## Raw data

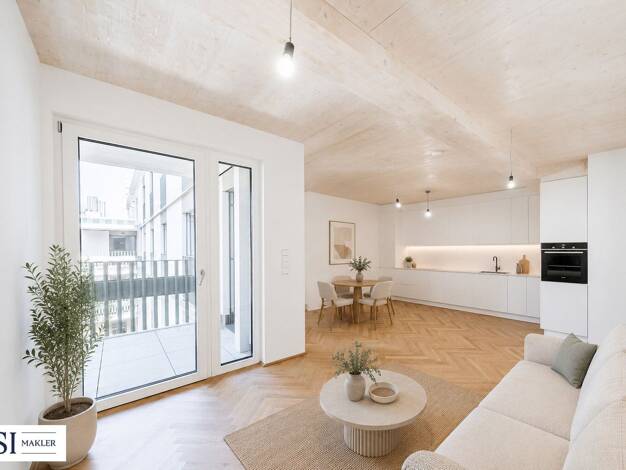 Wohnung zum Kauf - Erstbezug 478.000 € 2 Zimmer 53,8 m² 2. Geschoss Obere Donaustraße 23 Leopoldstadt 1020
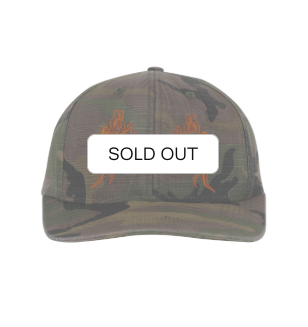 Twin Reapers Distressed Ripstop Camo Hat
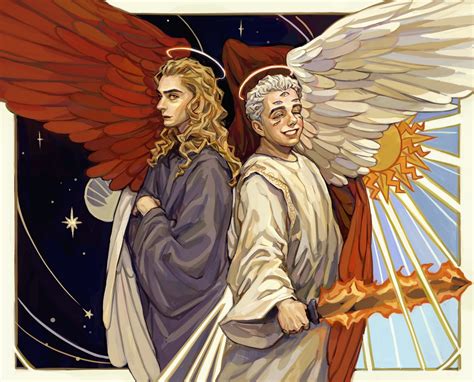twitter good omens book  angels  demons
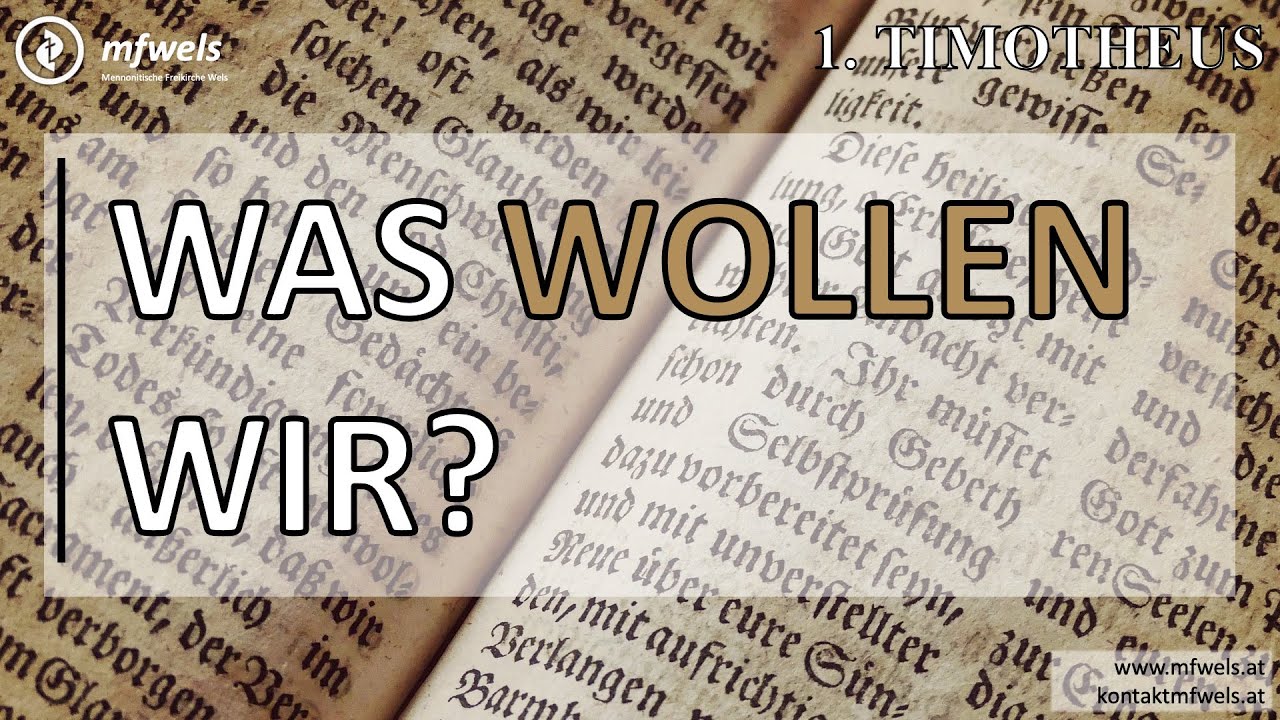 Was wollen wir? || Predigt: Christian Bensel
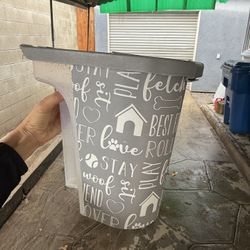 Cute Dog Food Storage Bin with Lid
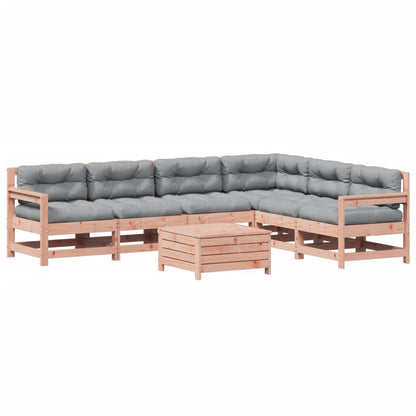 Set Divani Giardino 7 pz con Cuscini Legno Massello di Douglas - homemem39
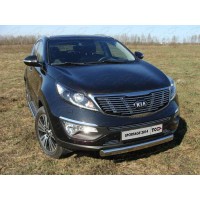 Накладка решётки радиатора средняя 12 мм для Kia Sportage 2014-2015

---

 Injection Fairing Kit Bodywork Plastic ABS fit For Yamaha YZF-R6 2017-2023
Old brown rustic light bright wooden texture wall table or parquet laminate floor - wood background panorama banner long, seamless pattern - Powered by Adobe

## Goal of the exercise
Using the records above, print exactly the run of lines that starts with the line with "Wohnung zum Kauf" and goes on through the line with "Накладка решётки радиатора", pictures excluded.

## Result
 Wohnung zum Kauf - Erstbezug 478.000 € 2 Zimmer 53,8 m² 2. Geschoss Obere Donaustraße 23 Leopoldstadt 1020
 Twin Reapers Distressed Ripstop Camo Hat
twitter good omens book  angels  demons
 Was wollen wir? || Predigt: Christian Bensel
 Cute Dog Food Storage Bin with Lid
 Set Divani Giardino 7 pz con Cuscini Legno Massello di Douglas - homemem39
 Накладка решётки радиатора средняя 12 мм для Kia Sportage 2014-2015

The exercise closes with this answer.